Robert Gordon, Professor of Modern Italian Culture at Cambridge University, has published widely on 20th-century Italian literature, cinema and cultural history. He is the author or editor of several books on the work of Primo Levi, including Primo Levi's Ordinary Virtues, Auschwitz Report, and The Cambridge Companion to Primo Levi. He is co-editor of Culture, Censorship and the State in 20th-Century Italy and his study of cultural responses to the Holocaust in Italy will appear in June 2012. His work on cinema includes the books Pasolini. Forms of Subjectivity and Bicycle Thieves, DVD and blu-ray audio commentaries on Pasolini's Teorema and Bicycle Thieves, and articles and essays on Holocaust cinema, early film and literature, 'Hollywood on the Tiber', and censorship.
Professor Gordon's latest book, The Holocaust in Italian Culture, 1944–2010, is the first major study of how postwar Italy confronted, or failed to confront, the Holocaust. Fascist Italy was the model for Nazi Germany, and Mussolini was Hitler's prime ally in the Second World War. But Italy also became a theater of war and a victim of Nazi persecution after 1943, as resistance, collaboration, and civil war raged. Many thousands of Italians—Jews and others—were deported to concentration camps throughout Europe. After the war, Italian culture produced a rich array of stories, images, and debate through which it came to terms with the Holocaust's difficult legacy. Gordon probes a rich range of cultural material as he paints a picture of this shared encounter with the darkest moment of twentieth-century history. His book probes aspects of Italian national identity and memory, offering a new model for analyzing the interactions between national and international images of the Holocaust.

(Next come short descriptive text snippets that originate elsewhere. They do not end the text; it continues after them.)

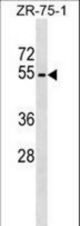 PLD4 Antibody western blot of ZR-75-1 cell line lysates (35 ug/lane). The PLD4 antibody detected the PLD4 protein (arrow).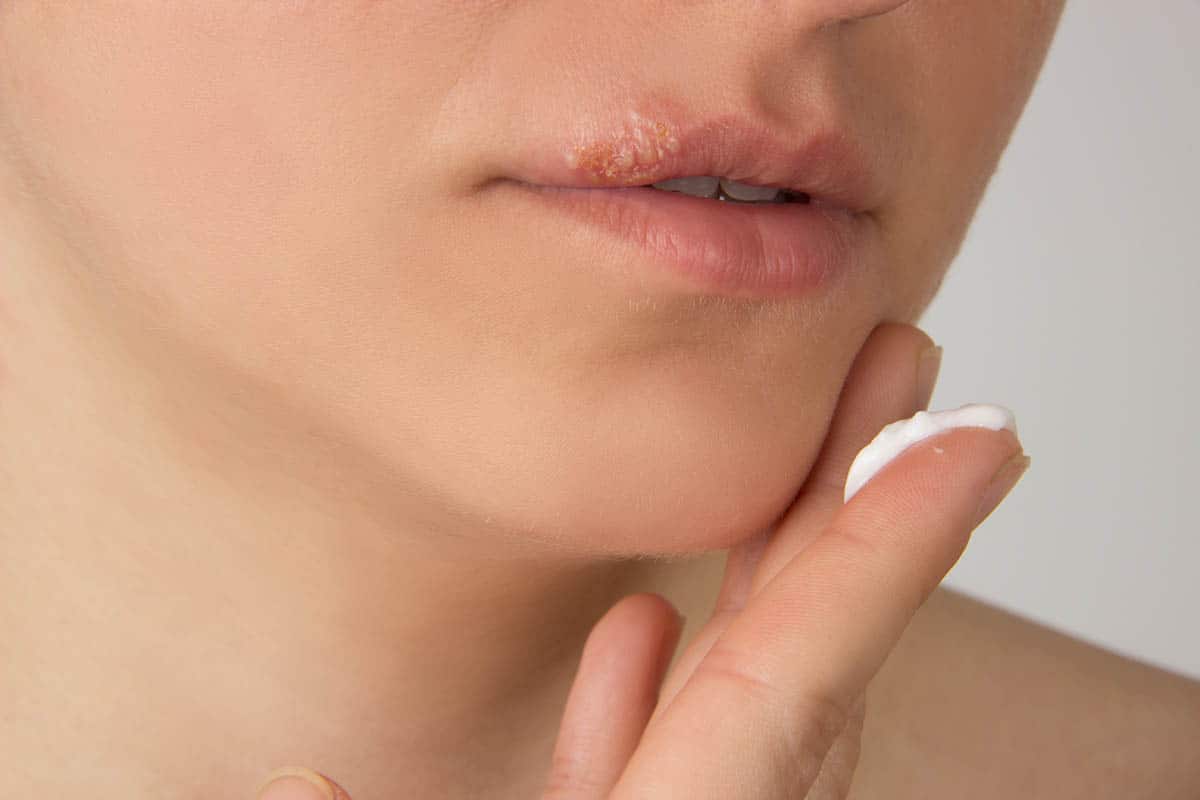 a woman learning how to get rid of a cold sore
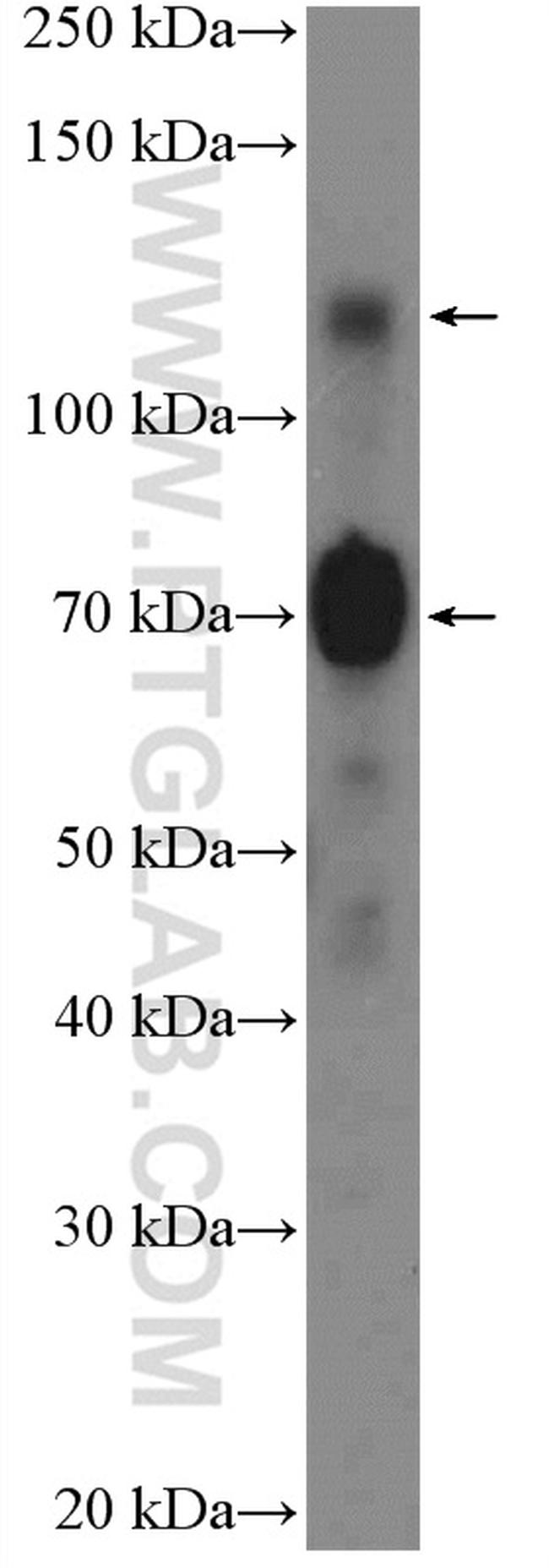 SP3 Antibody in Western Blot (WB)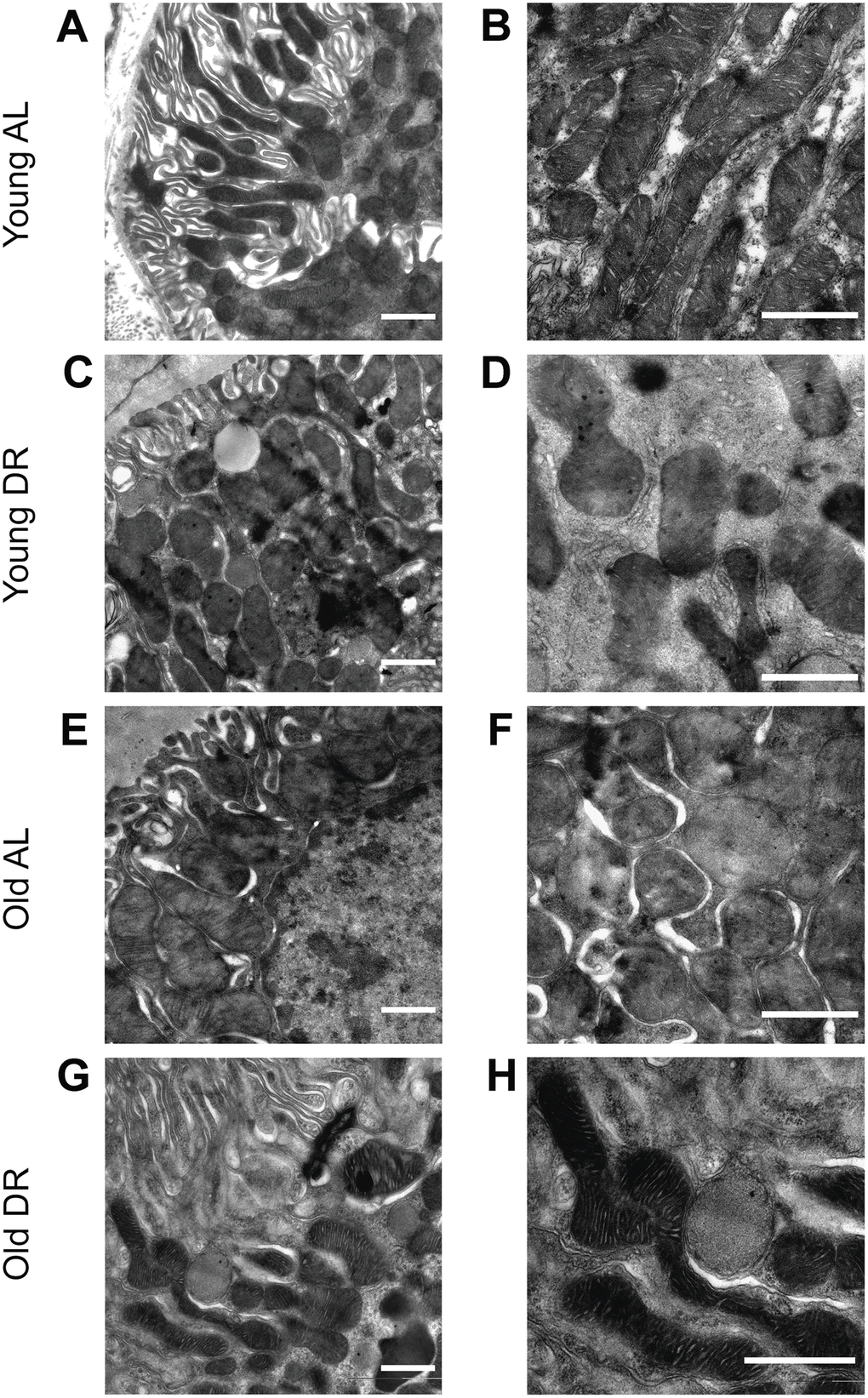 Ultrastructure of mitochondria of renal tubular cells in the intact kidney of young (A, B) and old (E, F) rats and those after DR (C, D and G, H, correspondingly). Renal tubular cells in young rats contain mitochondria in the orthodox configuration, while mitochondria in the old kidney demonstrate slight swelling of intercristae space and matrix. Tubular epithelium of kidney after DR exposure demonstrates noticeable condensation of the mitochondrial matrix in both young (C, D) and old (G, H) rats. Scale bar, 1 μm. For young AL rats n=5, for young DR rats n=6, for old AL rats n=6, for old DR rats n=5. AL, ad libitum, DR, dietary restriction.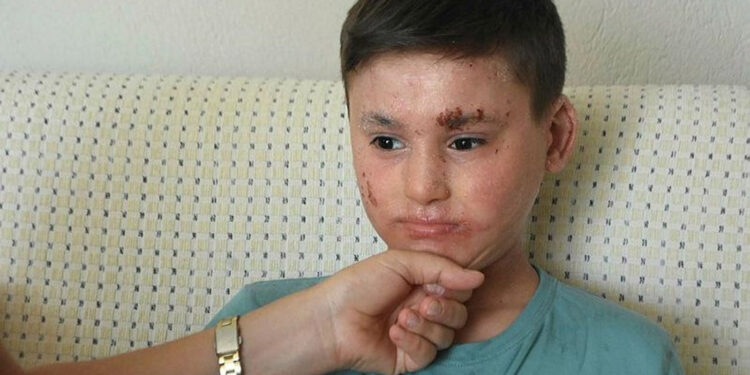 'Balık pulu' hastası Kayra, gündüzleri evden çıkamıyor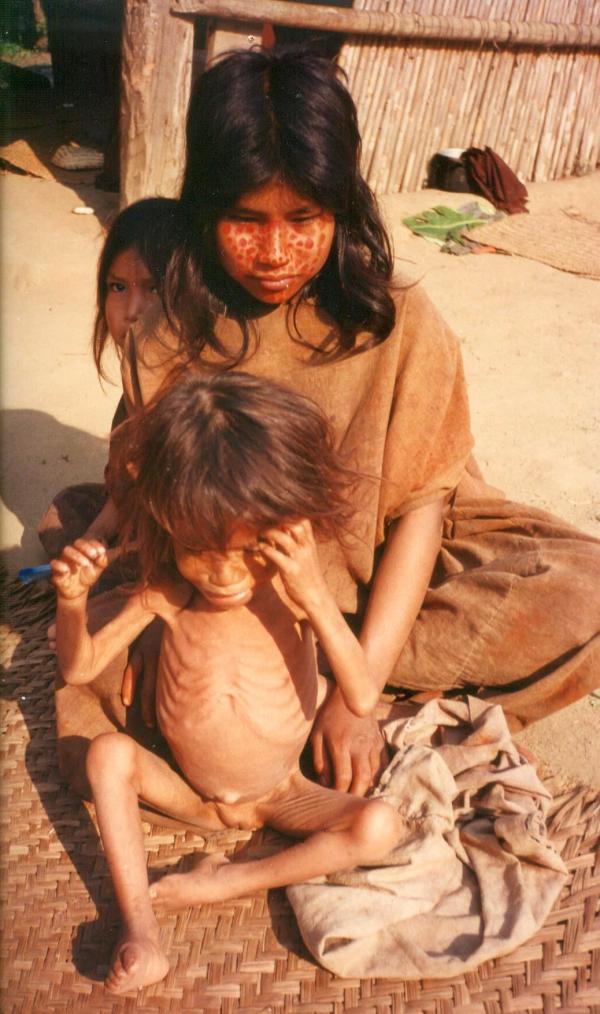 Población asháninka enferma por desnutrición
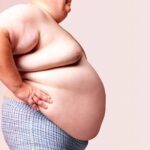 Choosing the Right Clinic for Obesity Treatment Dubai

The Italian Research Seminar, jointly organized by the Devers Program in Dante Studies and by Italian Studies at Notre Dame, aims to provide a regular forum for faculty, postdoctoral scholars, graduate students, and colleagues from other universities to present and discuss their current research. The Seminar is vigorously interdisciplinary, and embraces all areas of Italian history, language, and culture (from literature to film, from art history to music, and from anthropology to architecture), as well as perceptions of Italy, its achievements and its peoples in other national and international cultures. The Seminar constitutes an important element in the effort by Notre Dame’s community of Italianists to promote the study of Italy and to serve as a strategic point of contact for all Italianists.